Miller approached accused’s apartment and saw him standing outside the door with both wives, all engaged in a conversation with a neighbor. Eventually, at accused’s suggestion, he, Miller, and the two women proceeded to the apartment courtyard in order to discuss their difficulties. Once outside, accused engaged in an argument with Miller, accused him of being armed with a knife, and produced a sawed-off shotgun from his clothing. Miller ran back into the building and, closing the door, attempted to secure it in order to bar accused’s pursuit. Beck fired through the door, seriously injuring Miller, who stumbled through the building lobby and outside, where he collapsed. Accused followed and pointed his weapon at Miller’s companions, accompanying such action with various threats. Local police were summoned, and accused was duly arrested and confined in the local jail.
Accused, appearing in his own behalf, judicially confessed to assaulting Miller with the sawed-off shotgun, but stated that he did not aim the weapon and “didn’t mean to shoot Bob Miller, that’s all I know, sir.” He claimed that Miller ran back into the building and locked the door after him. He fired, as he “just wanted to scare him” but he “didn’t mean to shoot Mr. Miller.” He felt he was “in danger of bodily harm” from Miller’s friends, who were coming down the hall from the lobby toward the door, and “was just firing into the hallway ... to scare those other guys away, that’s all, sir.”
II
Among other witnesses, the prosecution produced a military policeman, Corporal Grimsley, to whom accused allegedly made oral statements bearing on his intent to harm Miller.

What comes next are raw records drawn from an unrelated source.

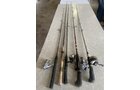 Property photo 152 - TIMED ONLINE ONLY PERSONAL PROPERTY AUCTION IN NOBLE COUNTY, INDIANA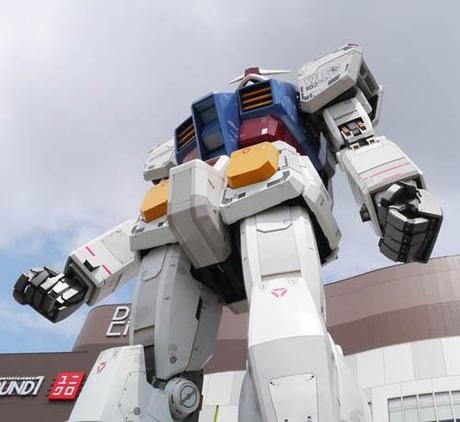 gundam7.jpg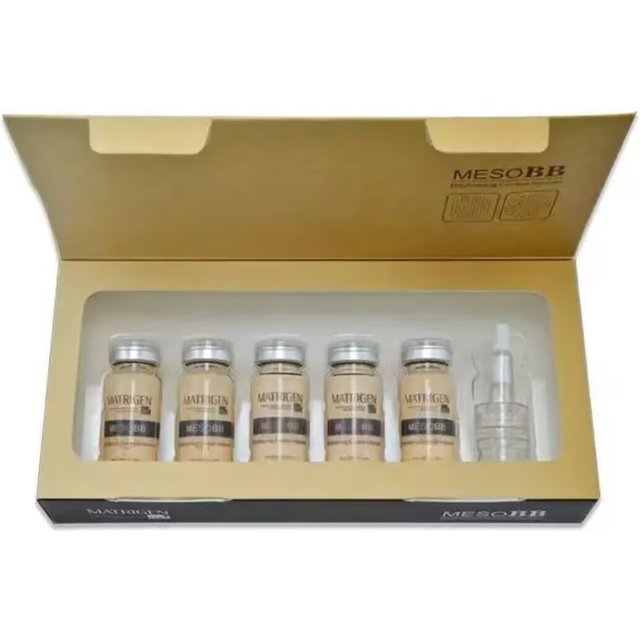 10ml Original Korea BB Cream Glow Beginner Starter Kit Lasting Sunscreen Concealer Facial Foundation Moisturiz Cream Skin Care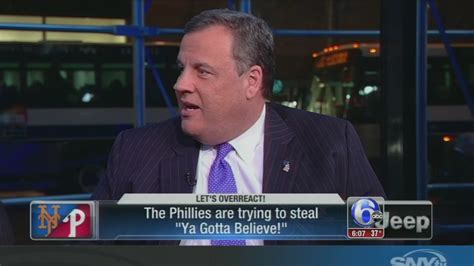 nickname for philadelphia|philly insults.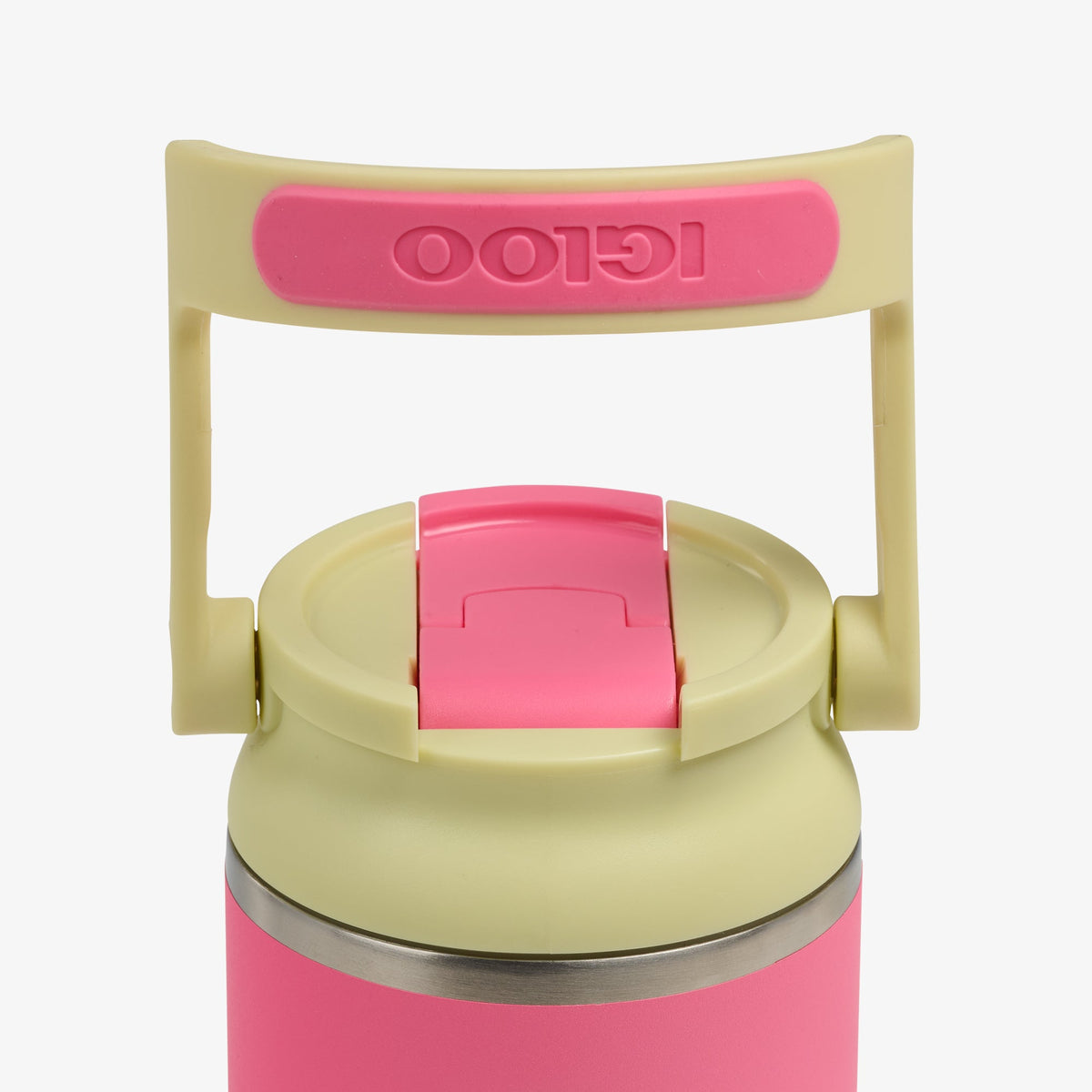 kids-lunch-12-oz-sipper-bottle-b9 00071832-HNDL.jpg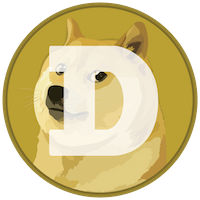 what is dogecoin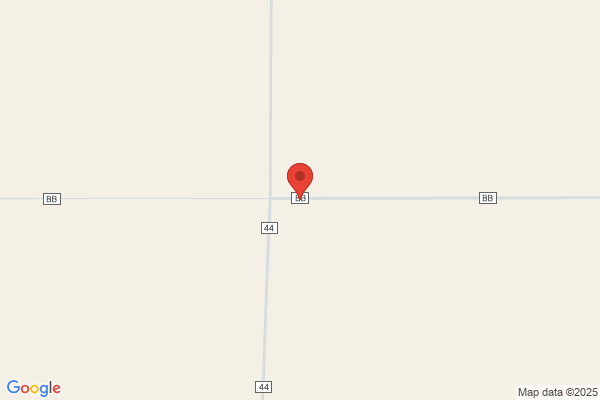 Davis Brothers' Farms Inc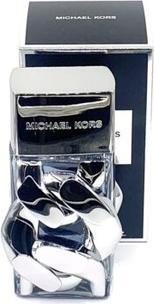 Immagine prodotto Michael Kors Pour Homme Eau De Parfum 100ml (Eau de parfum, 100 ml)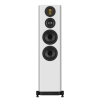 Wharfedale Evo 5.4 White Напольная акустика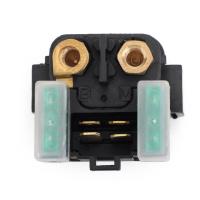 Relé Iniciador Artudatech 58211058000 Para Motocicleta Compatible Con 250 SX-F 12-17 450 EXC 640 LC4 Material Plástico Y Metal - details 3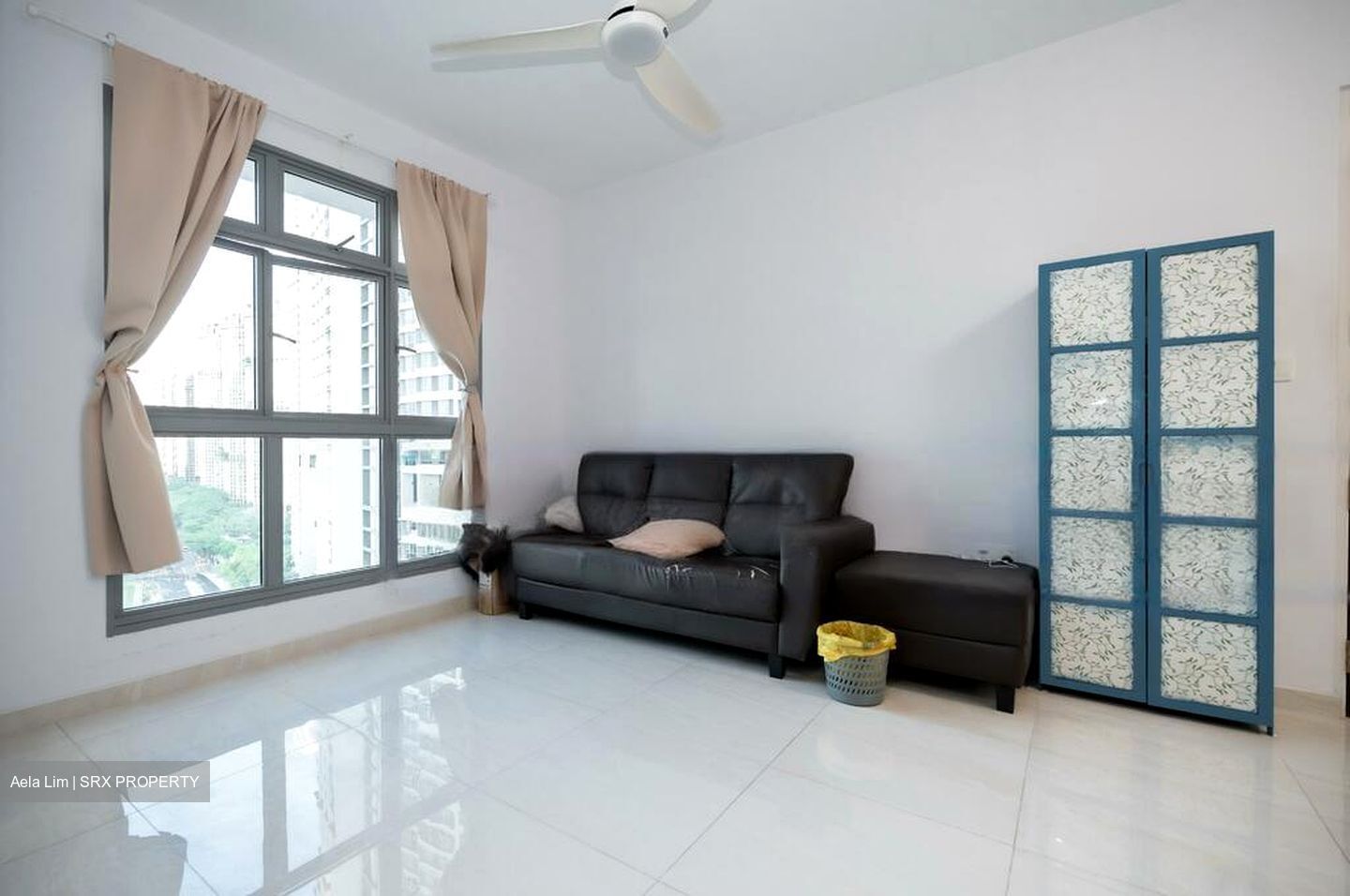Blk 37 Skyresidence @ Dawson (Queenstown), HDB 3 Rooms #470394661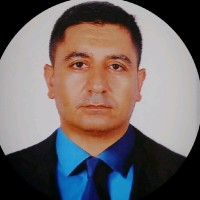 Hasan KAPLAN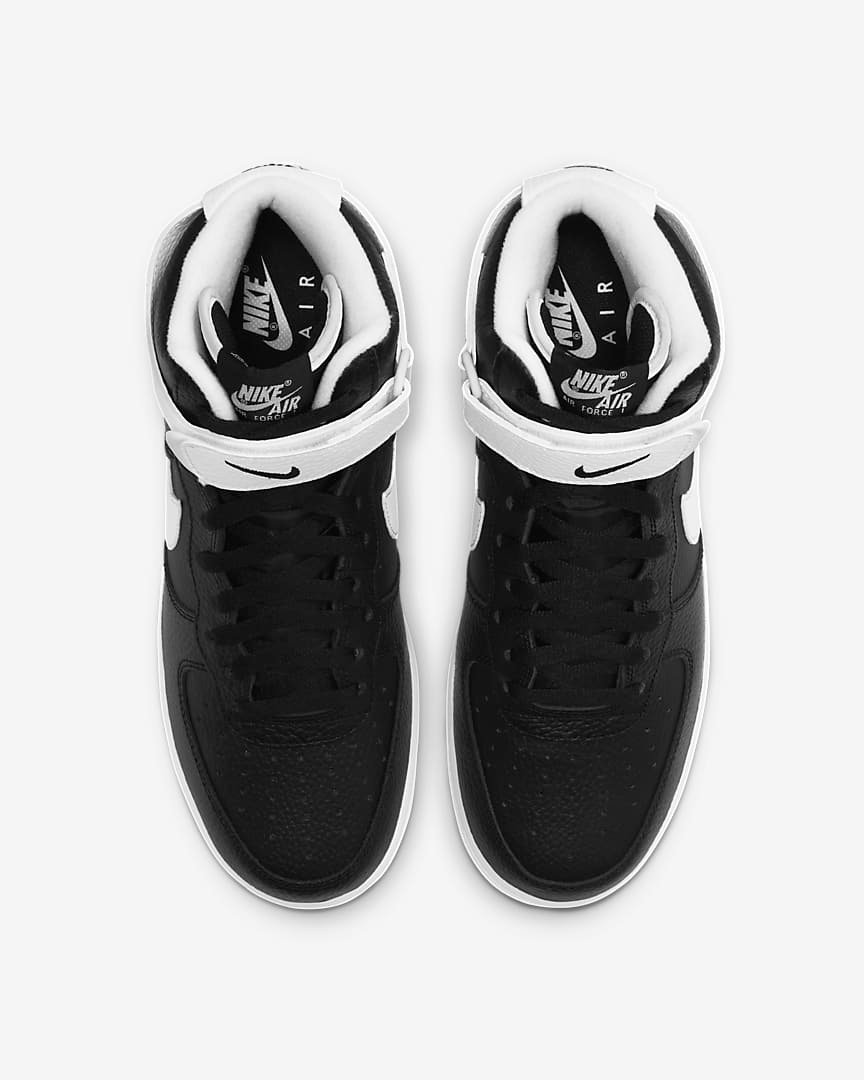 air-force-1-07-high-mens-shoes-XTJLXX_3
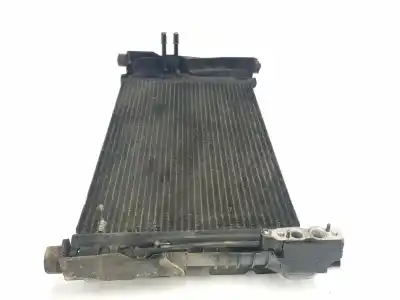 Second-hand car spare part air conditioning condenser / radiator for bmw serie 3 compacto (e46) 2.0 320td oem iam references 64538377648  8377648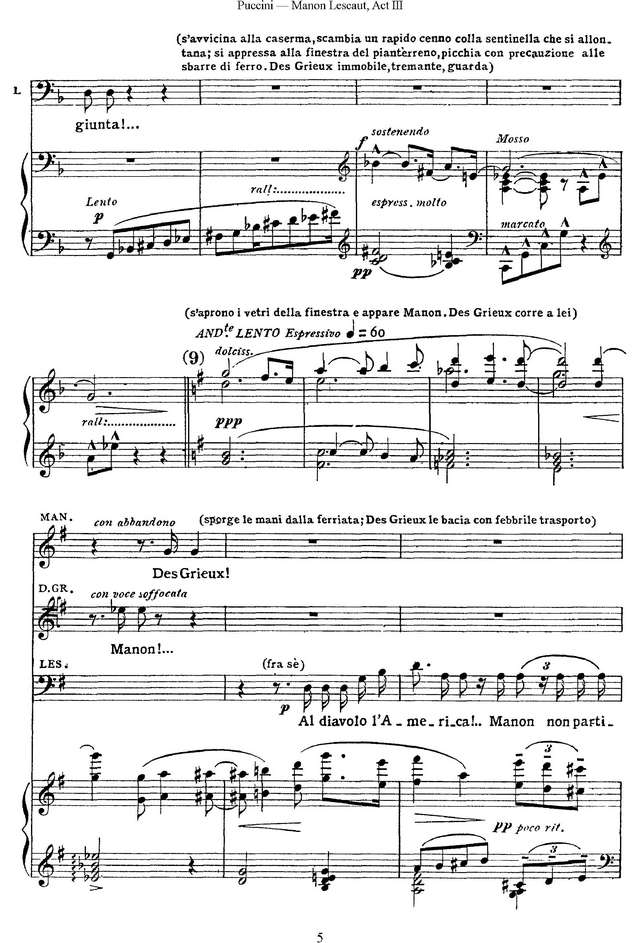 Пуччини Дж. Манон Леско (Manon Lescaut)_Страница_005.jpg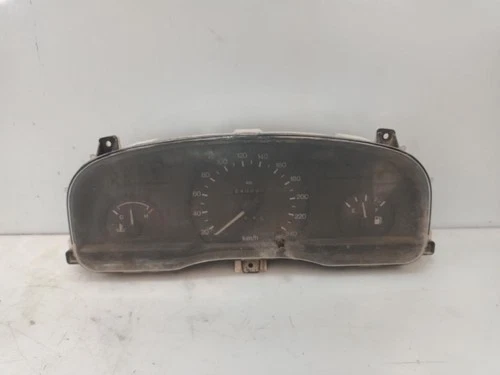 98VP10C956EB Rahmen Instrumente für FORD Transit Furgón Largo ( Ey ) 19 3596959 - Bild 1 von 10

Grimsley declared he was a trained
On September 22, 1963, however, Grimsley was detailed “[a]s a military policeman” to take custody of the accused at the local civilian jail. Although he had received formal police training at Fort Gordon, Georgia, he had no investigative duties. At the jail, he picked up accused and, accompanied by another guard, started to drive him back to their place of duty. En route, a conversation ensued “between two friends” and not “in line with . . . [Grimsley’s] duties.” The conversation was initiated by the accused, who told Grimsley that he had better drive straight back to the base, as they were probably being timed. Grimsley testified the events occurred as follows:
"... I told him, thank you, and we started out. On the way, on the road as we were driving down I mentioned how thin he was getting because he had lost weight in jail and we kidded around about that. I said something to the effect of how did he like it in jail because Specialist Beck was the nervous type of person and hated to be penned up at any time. He said it was hard on him that he wouldn’t want to do it again. And I said, ‘Well you may have to for a while if things turn out real bad for you’. Then he said that it could happen that way. Then I said something to the effect of was he scared of what may turn out. He said yes he was. And we talked about the CID agent, what he wore and that they were expensive clothes and we would like to be CID agents and everything and we talked about Rutledge and me shooting if he tried to escape, it was in a joking manner. Then specialist Beck got somewhat serious and we all at the same time mentioned the shooting and got into a serious mood. I asked him if he had hurt Specialist Miller and he said, yes, he really . . . him up. I asked him where he shot him, he said, ‘In the face’. About that time we were getting back, sir.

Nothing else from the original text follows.